YOUR OBJECTIVE: Below are entries. Give back exactly the lines from the one containing "54K views ·" through the one containing "Primeras imágenes del", inclusive, without the pictures.

EXTRACTED INFORMATION:

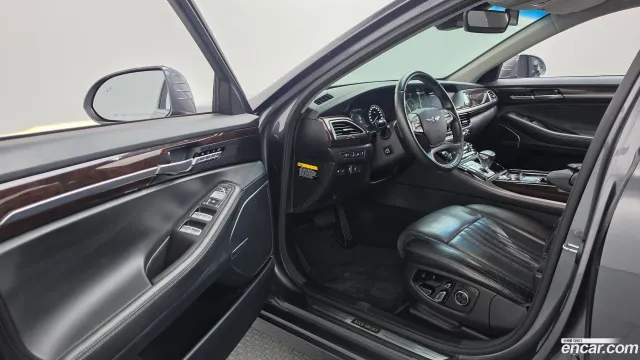 Genesis G90 (EQ900)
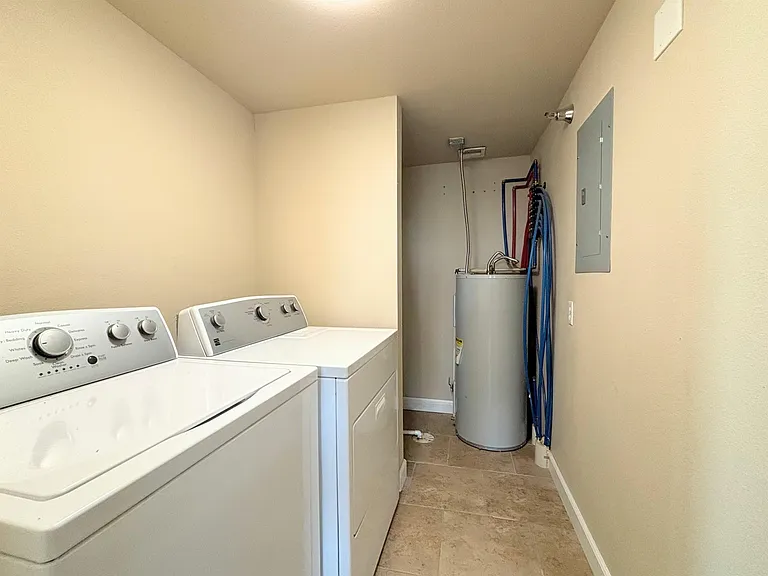 1423 Genesis Dr #14 — Photo 12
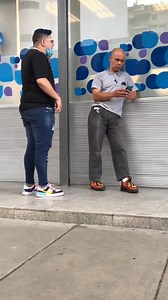 54K views · 662 reactions | Te Kgo una paloma藍 #bromasenlacalle #comedia #fyp #reels #risas #bromas #viral #vida | Soyfreiyerblanco | Facebook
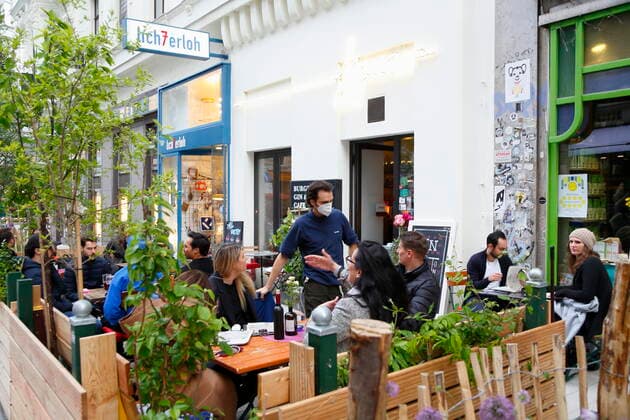 Corona Pandemic Vienna opens gastronomy Corona Crisis Vienna opens restaurants Vienna, Mariahilf, 20 05 2021 Gastgarten, Gastgärten, Schanigarten, visitors, guests, restaurants, bars, opening Corona Pandemic, Corona, Corona Virus, CoV 2, Covid 19, Sars, virus, virus infection, pandemic, Corona Crisis, viral disease, Coronavirus, SARS CoV 2 Resta AVN101002500030
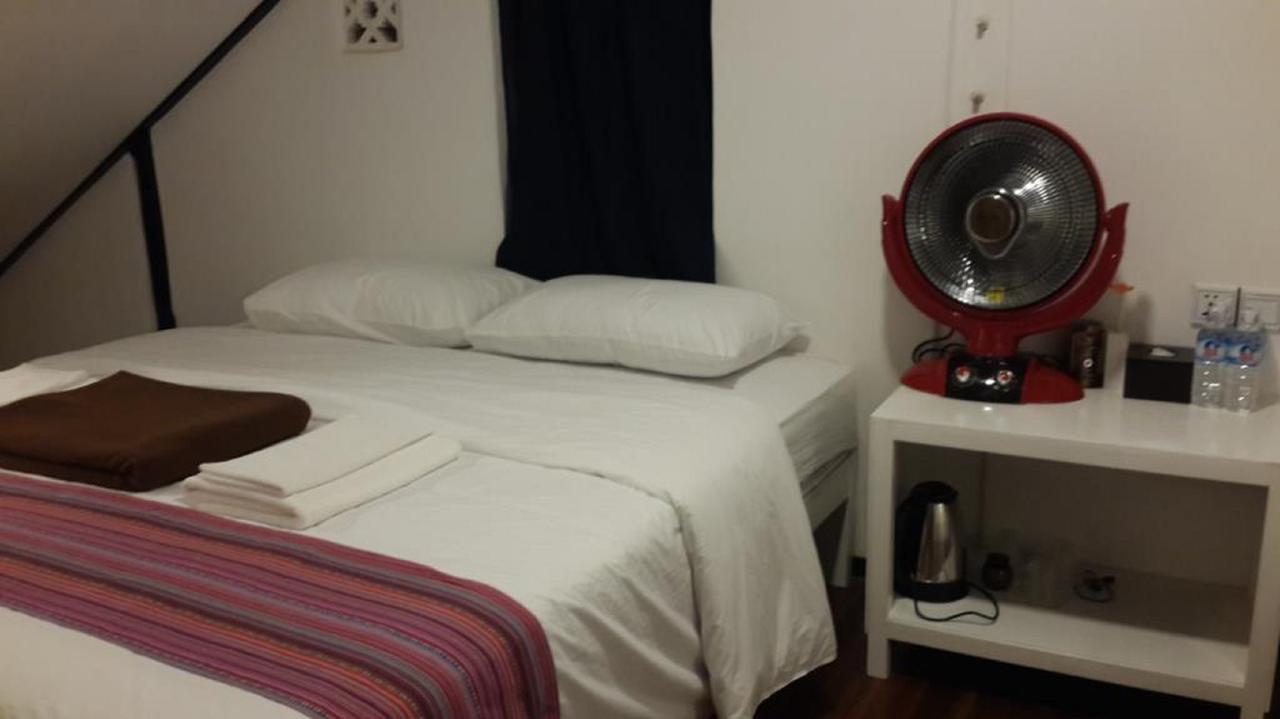 كالاو Genesis Motel المظهر الخارجي الصورة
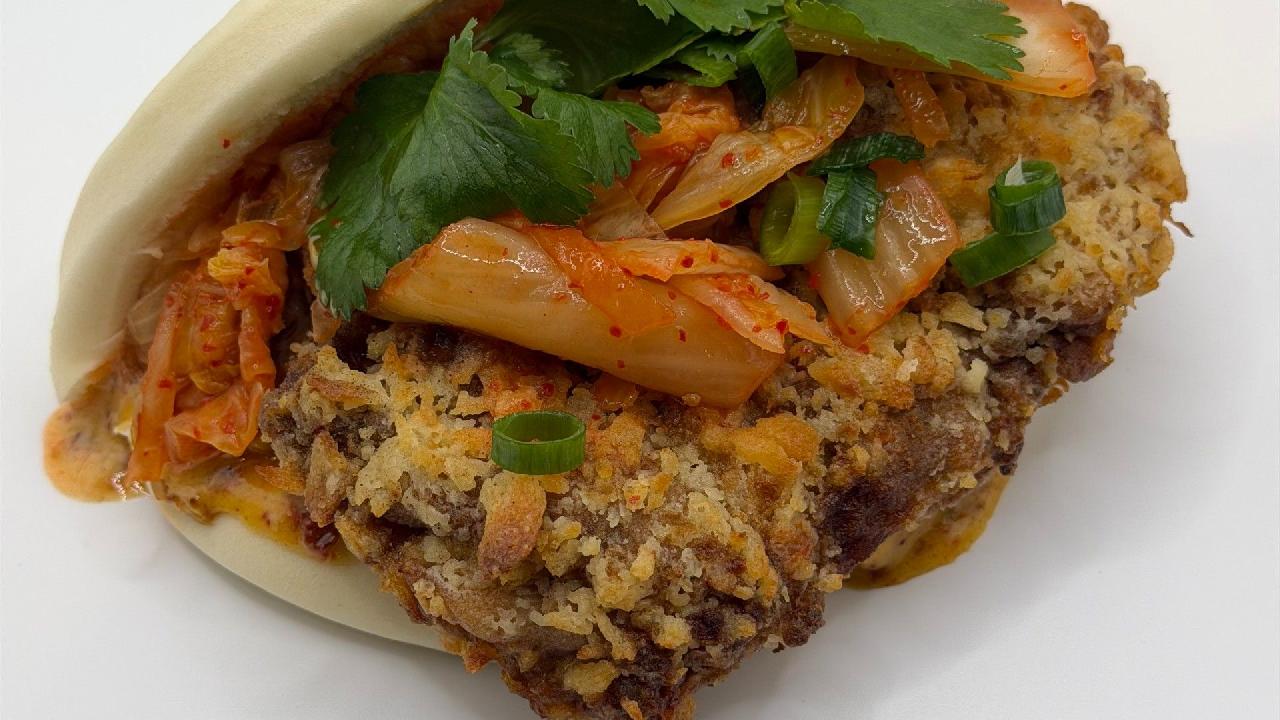 Meal card cover for: Kimchi Oven-Baked Chicken Bao, 28g protein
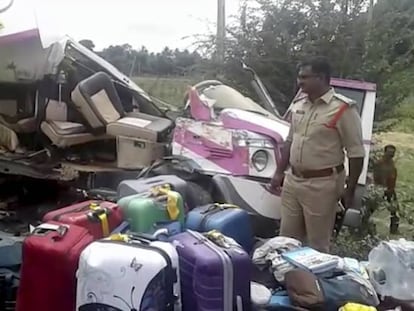 Primeras imágenes del accidente de autobús en India.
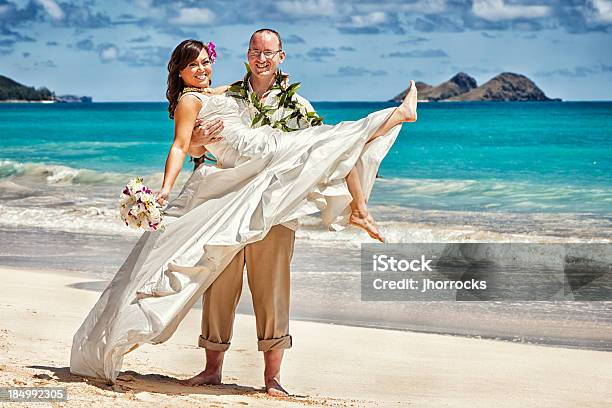 Joven Pareja De Recién Casados En Hawai Foto de stock y más banco de imágenes de Boda - Boda, Isla Grande de Hawái - Islas de Hawái, Islas de Hawái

ANSWER SECTION:
 54K views · 662 reactions | Te Kgo una paloma藍 #bromasenlacalle #comedia #fyp #reels #risas #bromas #viral #vida | Soyfreiyerblanco | Facebook
 Corona Pandemic Vienna opens gastronomy Corona Crisis Vienna opens restaurants Vienna, Mariahilf, 20 05 2021 Gastgarten, Gastgärten, Schanigarten, visitors, guests, restaurants, bars, opening Corona Pandemic, Corona, Corona Virus, CoV 2, Covid 19, Sars, virus, virus infection, pandemic, Corona Crisis, viral disease, Coronavirus, SARS CoV 2 Resta AVN101002500030
 كالاو Genesis Motel المظهر الخارجي الصورة
 Meal card cover for: Kimchi Oven-Baked Chicken Bao, 28g protein
 Primeras imágenes del accidente de autobús en India.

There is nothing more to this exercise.